=== MATERIAL PROVIDED ===
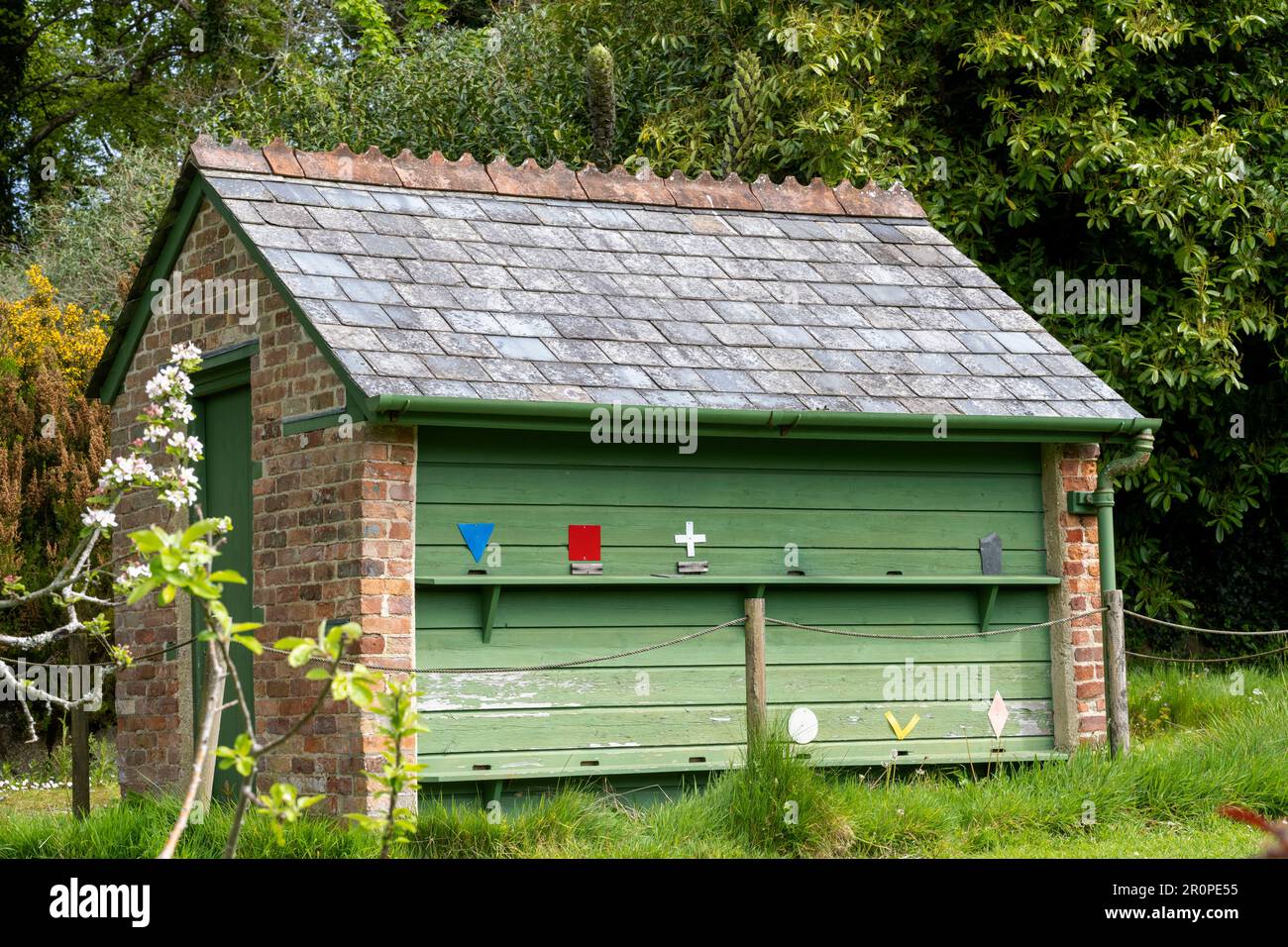 Bee House auf dem Gelände des Trengwainton House - (Gärten sind National Trust) - Boscathnoe Lane, Madron, Penzance, Cornwall, England, UK Stockfoto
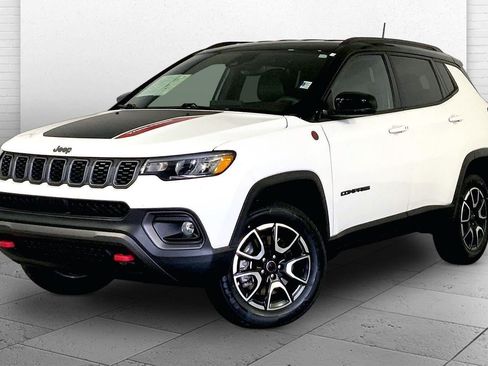 Used 2025 Jeep Compass Trailhawk AWD/4WD image 3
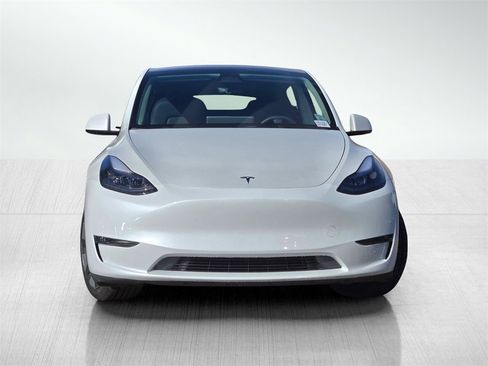 Used 2023 Tesla Model Y 2WD image 2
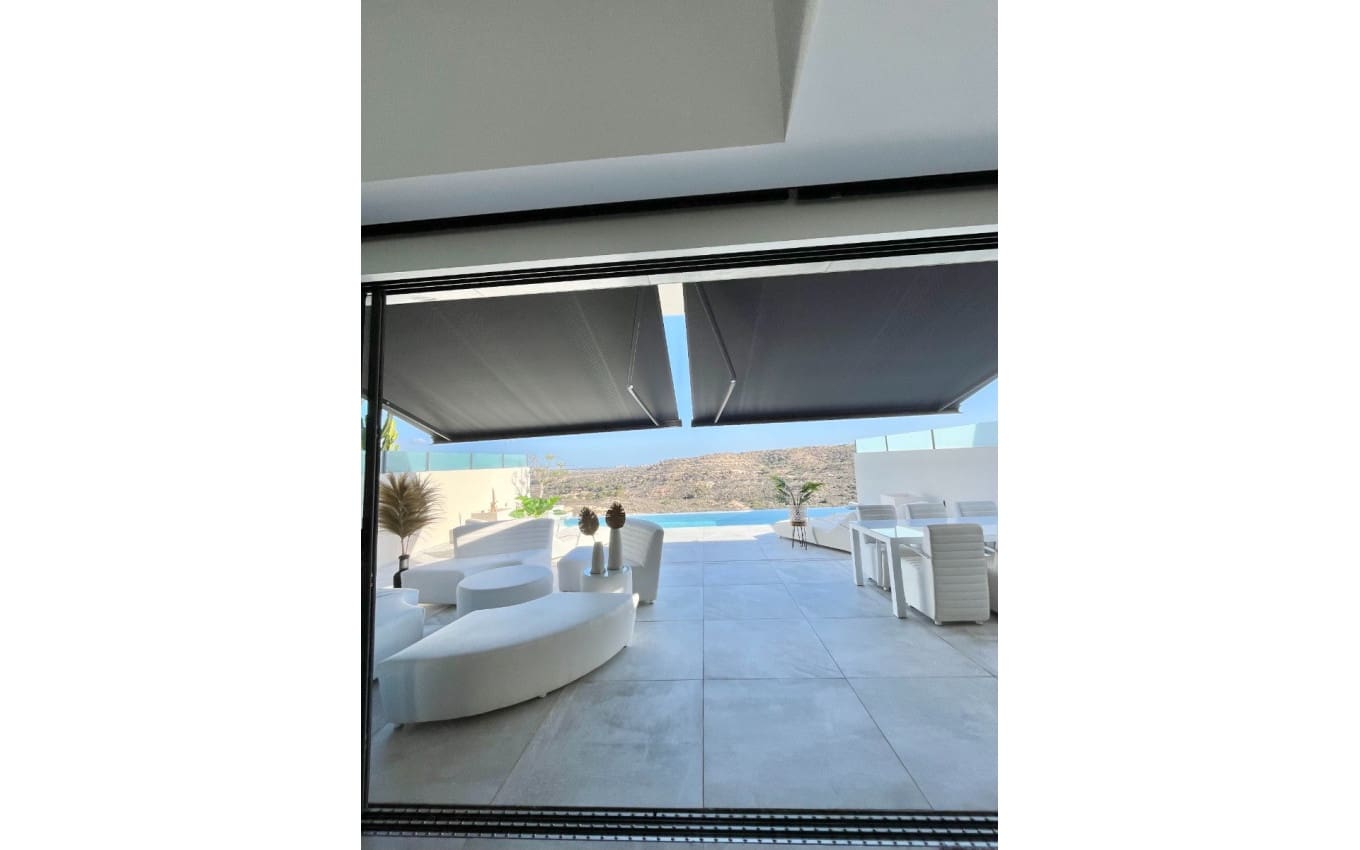 5 bedroom Villa for sale in Rojales with pool garage - € 949,000 (Ref: 9968446)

=== WHAT THE TASK ASKS ===
When you reach the line containing "Used 2025 Jeep" in the listing above, reproduce it and every line after it through the last, exactly; omit the pictures.

=== PROBLEM SOLUTION ===
 Used 2025 Jeep Compass Trailhawk AWD/4WD image 3
 Used 2023 Tesla Model Y 2WD image 2
 5 bedroom Villa for sale in Rojales with pool garage - € 949,000 (Ref: 9968446)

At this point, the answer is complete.